Usługodawcy zazwyczaj tłumaczą się, że oddanie dowodu osobistego gwarantuje zwrot wypożyczonego sprzętu. Dodatkowo, zasłaniają się naszą zgodą na zatrzymanie dowodu osobistego, choć wiemy, że ta zgoda była wymuszona.
Dr Wojciech Wiewiórowski, Generalny Inspektor Ochrony Danych Osobowych rozumiejąc obawy związane z nieuczciwymi klientami, przypomina, że takie postępowanie jest nieuprawnione. Wskazuje przy tym, że dane potrzebne do identyfikacji osoby, której wypożycza się jakąś rzecz wystarczy po prostu spisać. Informacje te będą pomocne przy dochodzeniu ewentualnych roszczeń z tytułu jej nieoddania. Żądanie pozostawienia dowodu w zastaw i tak nie uchroni przed nieuczciwymi klientami, bo dowód może być np. skradziony.

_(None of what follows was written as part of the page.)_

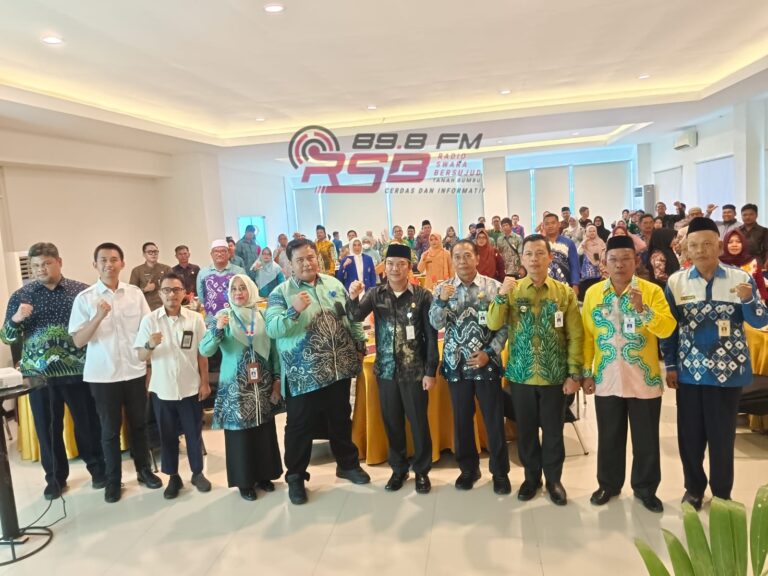 DPMPTSP Tanah Bumbu Gelar Sosialisasi dan Berikan NIB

Niejednokrotnie zdarza się również, że nasz dowód osobisty, jest kserowany. Żeby ustalić, czy ktoś ma do tego prawo, powinniśmy zastanowić się, czy jest on uprawniony do pozyskania wszystkich danych, które dokument zawiera - wyjasnia dr. Wiewiórowski. - Samo kserowanie dokumentu jest czynnością stricte techniczną. Najważniejsze jest to, by ten kto pozyskuje dane zawarte w dowodzie tożsamości był do tego uprawniony. Przy czym istotny jest zakres danych, jakie się gromadzi, który często określony jest w przepisach prawa. Zaznaczyć bowiem należy, że najistotniejsza jest podstawa prawna i zakres pozyskiwanych danych osobowych a nie sama czynność kserowania. Zatem, o ile ktoś uprawniony jest do pozyskania naszych danych, to nie ma znaczenia w jaki sposób te dane utrwala - dodaje Generalny Inspektor.